Imported from _research/manual-study-linux/file-notes/linux__mm__memory.c.md.

File Notes: mm/memory.c

Status: reviewed.

Purpose

Implements core virtual-memory fault handling: page-table walks, anonymous faults, file-backed faults, copy-on-write, write-protect handling, PTE install, huge-page fallback, memcg fault entry/exit, and fault accounting.

Key Types And Functions

  • handle_mm_fault(): public MM fault entry after VMA lookup/locking.
  • __handle_mm_fault(): constructs struct vm_fault and walks page tables.
  • handle_pte_fault(): PTE-level dispatcher.
  • do_pte_missing(): anonymous-vs-file missing PTE split.
  • do_anonymous_page(): zero-page and private anonymous allocation path.
  • __do_fault(), do_read_fault(), do_cow_fault(), do_shared_fault(), do_fault(): VMA operation based file/special mapping faults.
  • do_wp_page() and wp_page_copy(): write-protect and COW path.
  • finish_fault(): installs prepared page into page tables.

Data Flow

Architectural fault code finds a VMA and enters handle_mm_fault() with either the VMA lock or mmap_lock already held. The function sanitizes flags, checks architecture permissions, enters memcg user-fault handling for user faults, then routes to hugetlb handling or __handle_mm_fault().
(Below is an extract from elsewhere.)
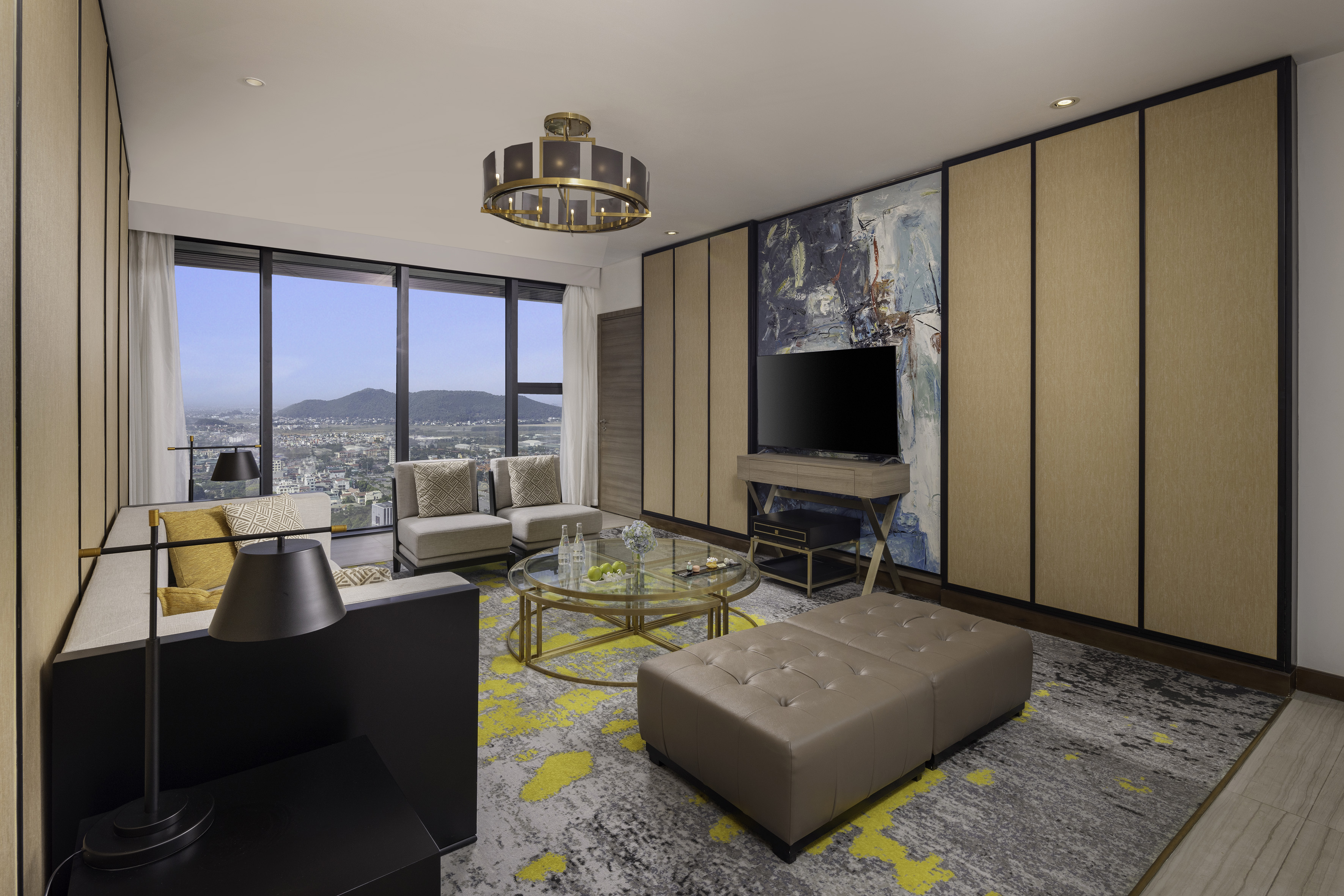 Contemporary living room suite with panoramic city views and stylish decor.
__handle_mm_fault() builds a struct vm_fault, walks PGD/P4D/PUD/PMD levels, allocates missing page-table levels, tries huge-page paths where allowed, and falls back to PTE-level handling.

handle_pte_fault() reads the original PTE, dispatches missing entries to do_pte_missing(), swap entries to do_swap_page(), NUMA entries to do_numa_page(), write-protect faults to do_wp_page(), or marks an existing mapping accessed/dirty.
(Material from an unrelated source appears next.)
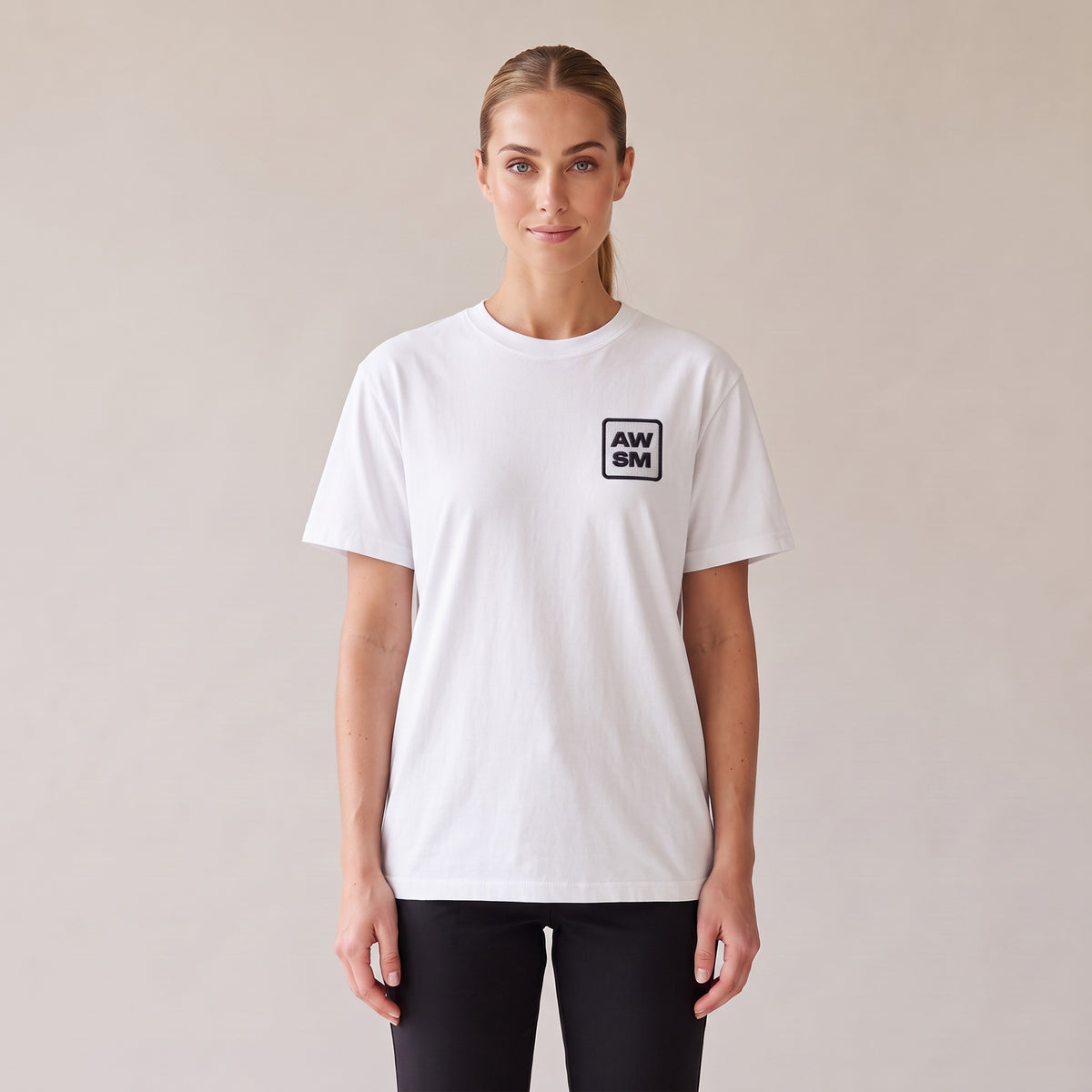 Studio Heavyweight Tee — AWSM Atelier in Pearl White, front view on the AWSM house model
Anonymous faults map the zero page for read faults when allowed. Write faults prepare anon VMA state, allocate a folio, mark it uptodate before publishing the PTE, lock the page table, recheck races, and install the entry. File faults call vm_ops->fault() and then finish_fault() to install the returned page. COW faults allocate/copy first, then update the PTE only if the original PTE is still valid.
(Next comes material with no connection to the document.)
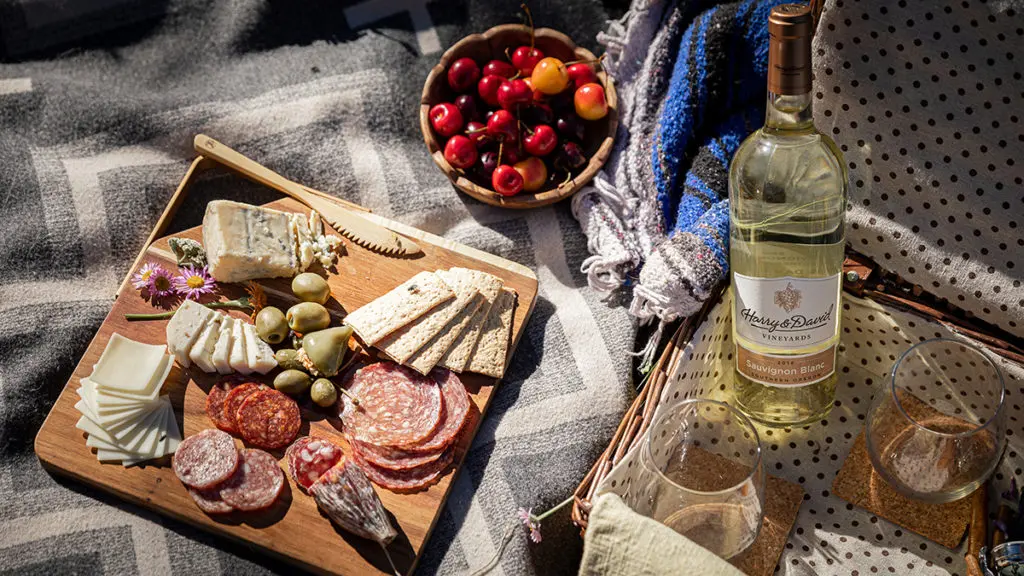 A photo of teacher gifts with a charcuterie board next to a bottle of wine.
Invariants And Safety Contracts

  • Fault handlers may drop mmap_lock; after __handle_mm_fault() returns, the caller must not dereference vma.
  • PTE updates recheck original entries under the page-table lock before committing.
  • Anonymous VMA preparation may need to retry under mmap_lock if only the per-VMA lock is held.
  • finish_fault() expects a locked page and consumes the mapping reference on success.
  • File-backed fault handling preallocates PTE pages before taking folio locks to avoid reclaim/writeback deadlocks.

Rust Translation Guidance

Represent fault handling as a typed state machine: VMA locked, page-table level walked, PTE locked, folio locked, PTE installed. Use a FaultResult bitflag type and make retry/drop-lock outcomes explicit. Unsafe page-table writes should be narrowly isolated behind guards that prove the relevant VMA and PTE locks are held.

AI-Native Systems Guidance

AI runtimes can use the page-fault model for lazy state: missing state can map to synthesize-zero, fetch backing data, clone-on-write, retry, or fail with a typed error. Runtime code should not keep stale region handles after an operation can drop the region lock.

Evidence

  • PTE race handling and pte_unmap_same() are at mm/memory.c:3526-3547.
  • COW copy high-level flow is documented at mm/memory.c:3836-3852.
  • do_wp_page() separates shared writable mappings from private COW/reuse at mm/memory.c:4240-4315.
  • do_pte_missing() dispatches anonymous versus file-backed faults at mm/memory.c:4561-4567.
  • do_anonymous_page() handles zero-page mapping and private folio allocation at mm/memory.c:5282-5365.
  • __do_fault() preallocates PTE pages before folio locking and calls vm_ops->fault() at mm/memory.c:5393-5428.
  • finish_fault() installs prepared pages and handles rmap, memcg, and LRU integration at mm/memory.c:5603-5617.
  • Read, COW, and shared file-fault paths are at mm/memory.c:5840-5954.
  • handle_pte_fault() dispatches missing/swap/NUMA/write faults and updates access flags at mm/memory.c:6328-6408.
  • __handle_mm_fault() constructs struct vm_fault and walks page-table levels at mm/memory.c:6411-6515.
  • handle_mm_fault() performs top-level permission, memcg, hugetlb, and accounting flow at mm/memory.c:6644-6716.